The sprite (‘object’) area is the obvious place to look. As is usually the case, there is the CPU-facing ‘sprite’ RAM and a buffered copy (both circled at the top of the schematic below), where the custom IC copies the data (during a Vblank?). Although, as socketed, I tried a swap to no avail,  it was always unlikely to be the CPU-facing SRAM as that is also used for CPU general processing (which is presumably fine).

The buffered copy (TMM2018) is soldered, so rather than ripping that out, it seemed more sensible to have a probe around the graphics area.
I get to the HSET line (lower circle in the schematic) and the logic high is a mere 2V. So well below acceptable thresholds.

As it’s used for the latching of sprite pixel data and near the thresholds (so temperature could easily make a difference), it seems a fair culprit for the problem.

The weak signal is either the fault of the custom at 9M or one of the 74LS173 latches.
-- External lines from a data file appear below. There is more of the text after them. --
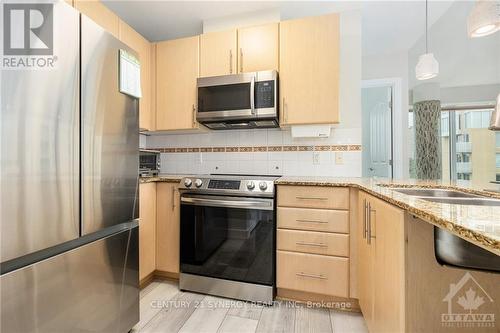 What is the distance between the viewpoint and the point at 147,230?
1992 millimetres

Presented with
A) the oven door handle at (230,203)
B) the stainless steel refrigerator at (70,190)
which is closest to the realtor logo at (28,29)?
the stainless steel refrigerator at (70,190)

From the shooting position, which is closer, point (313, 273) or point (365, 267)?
point (365, 267)

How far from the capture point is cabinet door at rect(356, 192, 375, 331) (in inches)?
52.9

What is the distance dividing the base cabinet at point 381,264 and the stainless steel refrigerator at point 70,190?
1.32 metres

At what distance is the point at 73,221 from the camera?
1.08 metres

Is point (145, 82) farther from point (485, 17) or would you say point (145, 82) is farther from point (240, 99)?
point (485, 17)

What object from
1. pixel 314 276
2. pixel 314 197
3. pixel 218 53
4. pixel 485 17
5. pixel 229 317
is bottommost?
pixel 229 317

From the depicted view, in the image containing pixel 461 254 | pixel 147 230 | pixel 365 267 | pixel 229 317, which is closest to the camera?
pixel 461 254

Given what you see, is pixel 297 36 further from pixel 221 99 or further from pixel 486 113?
pixel 486 113

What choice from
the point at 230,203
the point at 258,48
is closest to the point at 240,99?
the point at 258,48

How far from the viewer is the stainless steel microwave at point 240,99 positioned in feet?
6.66

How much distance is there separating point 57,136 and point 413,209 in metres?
1.35

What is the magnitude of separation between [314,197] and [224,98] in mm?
1114

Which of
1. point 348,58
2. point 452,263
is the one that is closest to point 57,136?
point 452,263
Whilst I swapped the custom to discover it was fine, you could likely remove the custom and probe the signals (use a multimeter to measure the resistance or diode forward voltage of the pin to ground, then compare to similar signals).

With the custom fine, it’s easier to just change the 3 logic IC’s than to try to guess which one is pulling the signal low. It could even be that with all of them being clocked at 6MHz, they’ve aged similarly?

The Fix

New devices at 10P, 10R, 10T.

Game works fine now (and repowered a few times to make sure – I hope anyway).